Given a / b = 2.0, b / c = 3.0.

queries are: a / c = ?, b / a = ?, a / e = ?, a / a = ?, x / x = ? .

return [6.0, 0.5, -1.0, 1.0, -1.0 ].

The input is:

vector<pair<string, string>> equations, vector<double>& values, vector<pair<string, string>> queries , where equations.size() == values.size(), and the values are positive. This represents the equations. Return vector<double>.

-思路

简单的思路就是对每一个查询进行一次搜索，如果是在邻接矩阵中已经直接给出的值，那么我们可以返回这个值，如果是要通过几个基本元素的乘积来得出结果，那么用dfs算法来判断是否可以构成查询的这个元素。

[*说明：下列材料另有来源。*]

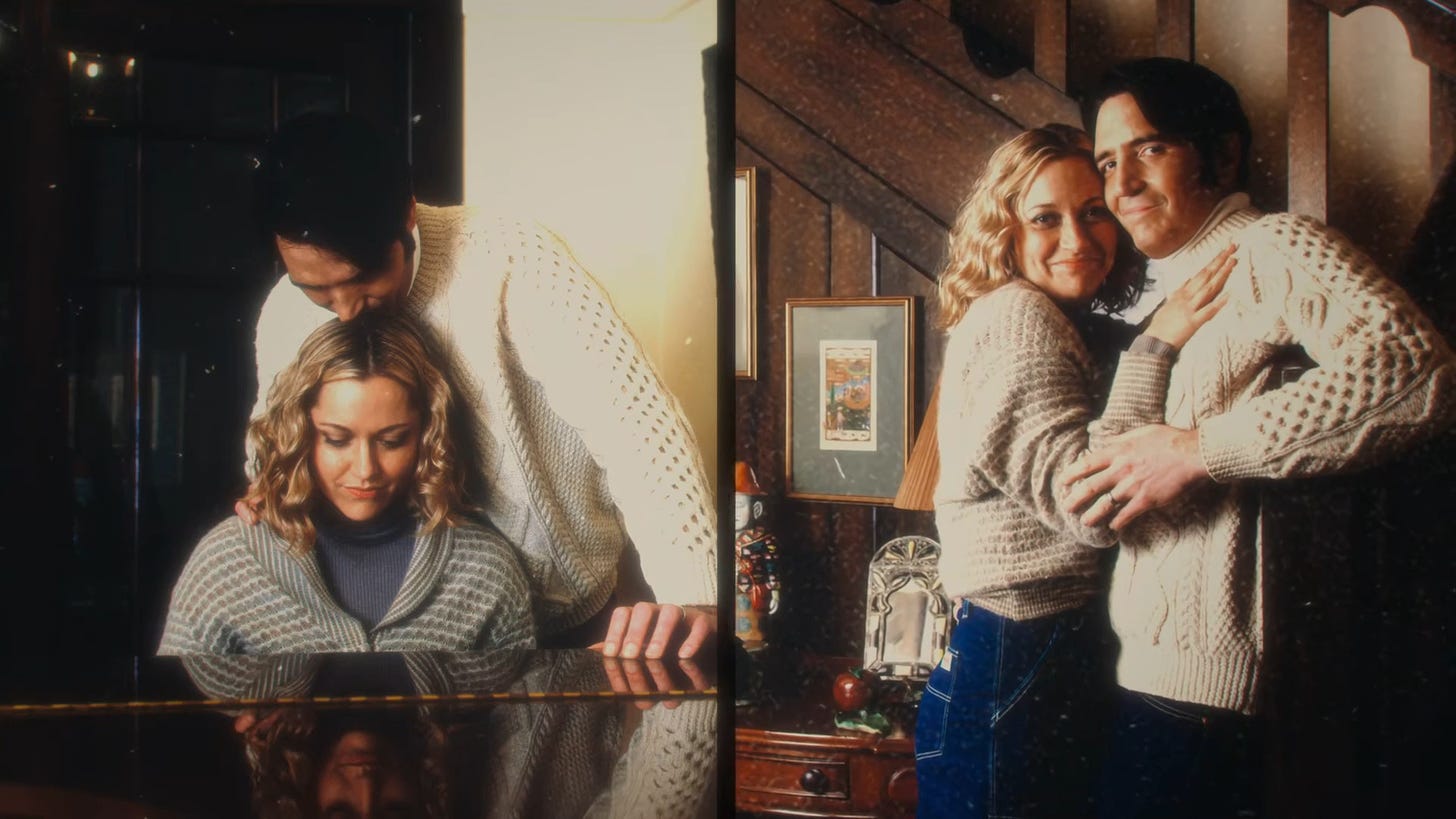 A two-panel split featuring David Dastmalchian as Jack Delroy and Georgina Haig as Madeleine Piper in LATE NIGHT WITH THE DEVIL. In the left panel, Madeleine is sitting at the piano while Jack kisses her head. In the right panel, they're posing together in sweaters like they're an Instagram couple; Jack's is a white Aran sweater.
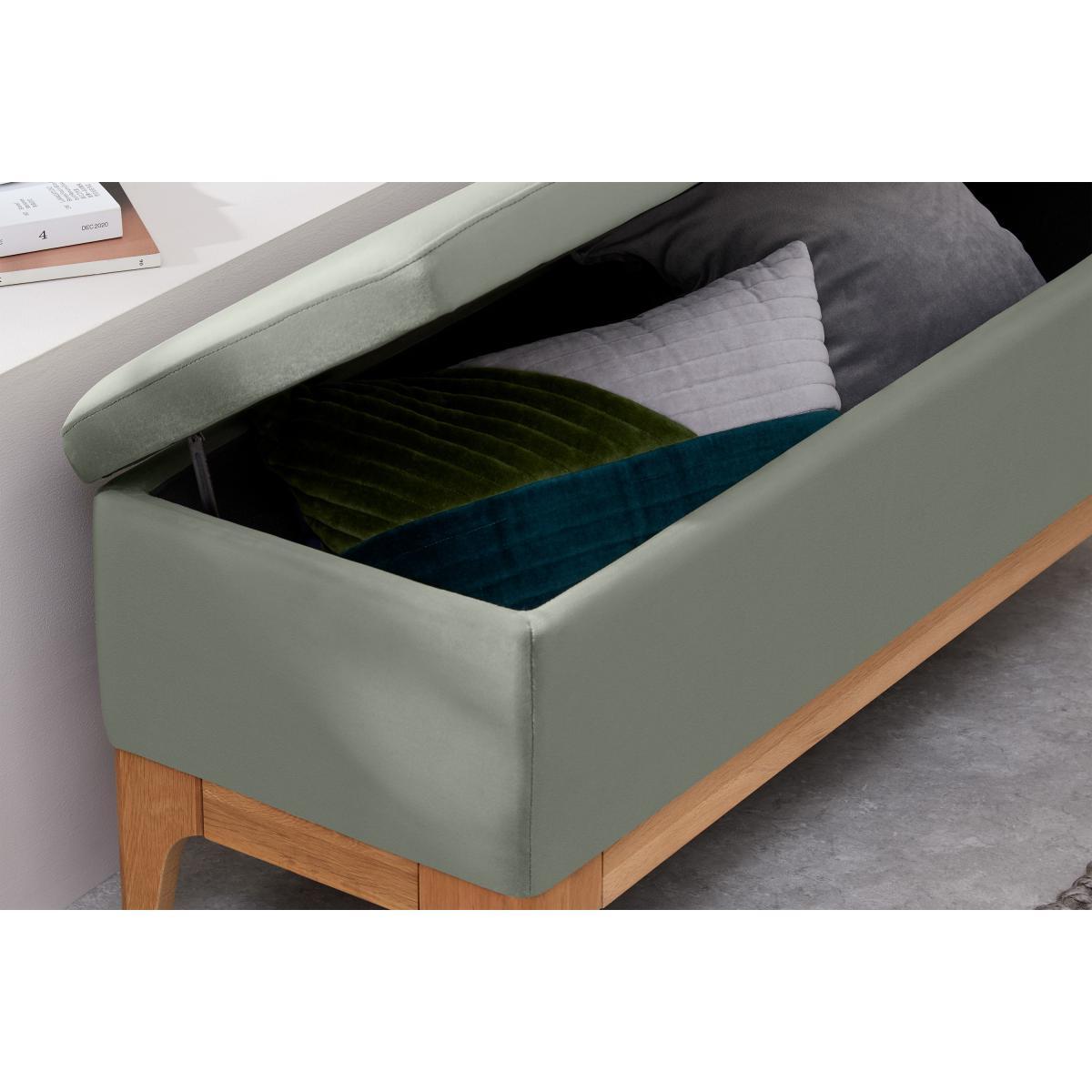 Roscoe Ottoman Storage Bench, Sage Green Velvet with Oak Legs – image 5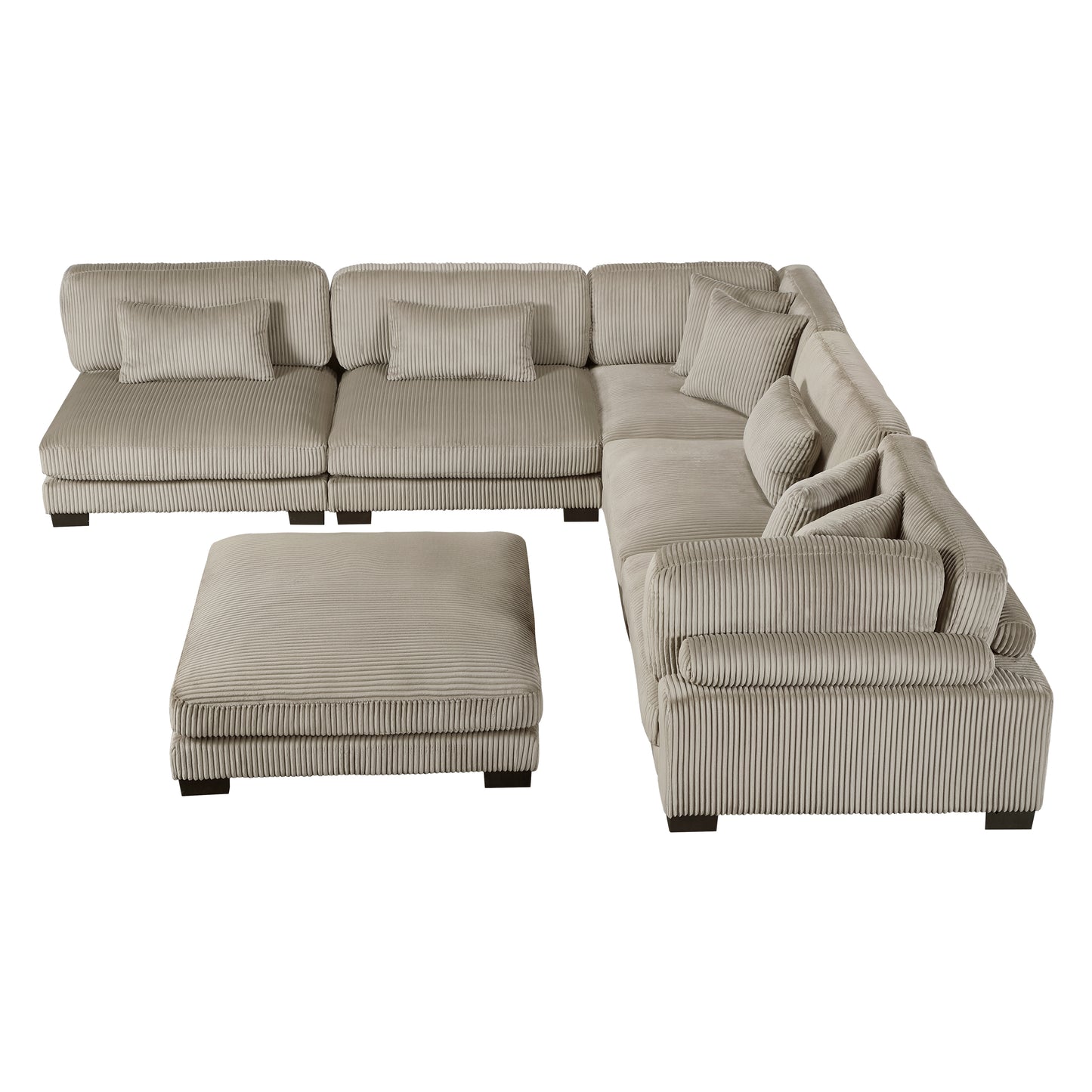 Homelegance Traverse Sectional Sofa in Gray 8555GB-6OT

要注意的是需要判断查询的元素是否存在于图中，也即x / x返回-1而不是1.

-代码

class Solution {
public:
vector<double> calcEquation(vector<pair<string, string>> equations, vector<double>& values, vector<pair<string, string>> queries) {
//已经确定输入合法
vector<double> result(queries.size());
if(equations.size() != values.size()) return result;

set<string> nodes;
map<string, int> node2index;
for(int i = 0; i < equations.size(); i++) {
nodes.insert(equations[i].first);
nodes.insert(equations[i].second);
}
int n = nodes.size();
vector<vector<double> > Adjmatrix(n, vector<double>(n, 0));
int index = 0;
set<string>::iterator it;
for(it = nodes.begin(); it != nodes.end(); it++) {
node2index[*it] = index++;
}
for(int i = 0; i < values.size(); i++) {
Adjmatrix[node2index[equations[i].first]][node2index[equations[i].second]] = values[i];
Adjmatrix[node2index[equations[i].second]][node2index[equations[i].first]] = 1 / values[i];
Adjmatrix[node2index[equations[i].first]][node2index[equations[i].first]] = 1;
Adjmatrix[node2index[equations[i].second]][node2index[equations[i].second]] = 1;
}
//构建初步的邻接图矩阵 用DFS求传递闭包
for(int i = 0; i < queries.size(); i++) {
//排除一些奇怪的情况
if((node2index.find(queries[i].first) == node2index.end()) || (node2index.find(queries[i].second) == node2index.end())) {

result[i] = -1;
continue;
}
if(queries[i].first == queries[i].second) {
result[i] = 1;
continue;
}
//如果不是直接可预知的 通过DFS来找到它的值
vector<bool> isVisited(n, 0);
result[i] = dfs(node2index[queries[i].first], node2index[queries[i].second], 1, isVisited, Adjmatrix);
}

return result;
}
double dfs(int s, int t, double res, vector<bool> isVisited, vector<vector<double> > Adjmatrix) {
if(!isVisited[s]) {
//如果没有访问过当前结点
//访问当前结点
isVisited[s] = 1;
//如果从s有到目标结点的路径返回
if(Adjmatrix[s][t] != 0) {
return res * Adjmatrix[s][t];
}
else {
for(int i = 0; i < Adjmatrix[s].size(); i++) {
if(Adjmatrix[s][i] != 0) {
double cres = dfs(i, t, res*Adjmatrix[s][i], isVisited, Adjmatrix);
if(cres != -1) return cres;
}
}
}
}
return -1;
}
};